Lorsque j’ai vu ce matin mon père partir avec ses deux employés, j’ai senti que quelque chose avait changé. Ils ont tous les trois changé, je le vois tous les jours dans leur regard. Ça ne brille plus, ça ne regarde plus la mer avec cette envie de partir. Avant, quand ils étaient à terre, ils ne parlaient que de partir. Si le gros temps durait et les empêchait de prendre le large, ils devenaient nerveux, mal dans leur peau, au bord de la dépression. Ils avaient besoin de la mer, d’être sur le bateau pour chercher où les poissons se cachaient.

Ils leur arrivent encore de parler de pêches miraculeuses, de tempêtes mémorables, des amis disparus en mer, mais toutes ces histoires, tous ces souvenirs, je les connais depuis longtemps. Rien de nouveau. C’est comme s’ils ne pêchaient plus. Et pourtant ils y partent régulièrement et reviennent après quelques jours, épuisés, avec une pêche misérable et une étrange tristesse. Malgré ces pêches qui peuvent à peine nous nourrir, nous ne manquons de rien. Et quand j’en parle à mère, elle ne dit rien. Son visage tombe dans le silence, avec cette même tristesse.

Il n'y a plus de poissons

Dans le port, tout le monde subit les baisses de poissons en mer, les quotas. Nous entendons tous dire que nous aurions vidé la mer à trop pêcher. Et j’entends aussi le curé, au bistrot après la messe, quand il vient faire sa seconde messe pour ceux qui ne viennent pas dans son église, tenter un amalgame entre pêcheur et pêcheur. "Nous avons trop pêcher" qu’il dit.
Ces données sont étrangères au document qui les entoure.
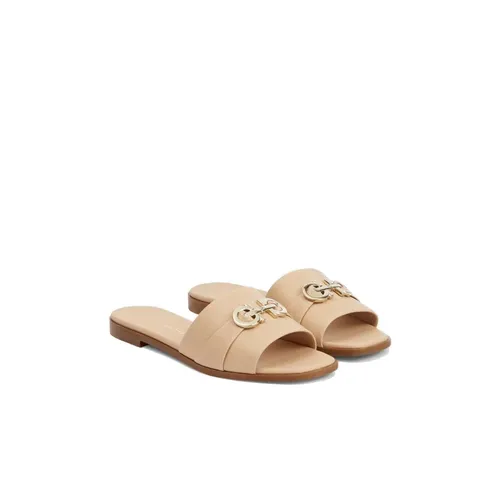 Shoes > Flip Flops & Sliders > Sliders - - Ferragamo - Modalova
Et d’entendre lui répondre "Vous n’y connaissez rien à la pêche, retourner consoler les veuves" avant que tous les regards se détournent de lui. Les marins ne l’aiment pas. Un marin, chez nous, ne voit le curé que trois fois : à la naissance, au mariage et à l’enterrement. Ceux qui sont au bistrot on généralement déjà fait les deux premiers et aimerait retarder le plus possible le troisième.

Depuis quelques années les bateaux sortent moins et les marins restent assis au bistrot face à la mer. Ne la regardent même plus, se mettent même souvent de dos. Ils lui font la gueule, on dirait. Parce qu’il n’y a plus de poissons. Ils se sentent inutiles.

Un marin me demande pourquoi mon père est parti, il compte ramener quoi, des méduses. Éclats de rire dans le bistrot. "Va nous ramener quoi de l’étranger encore". Les regards se rabaissent et s’éteignent comme pour le curé. Ça veut dire casse-toi, je sais bien. Ils n’ont pas envie de parler, pas envie non plus qu’on les regarde. Je pars mais cette phrase "Va nous ramener quoi de l’étranger encore" me travaille, je ne la comprends. Qu’est-ce qu’il peut ramener d’autre que du poissons.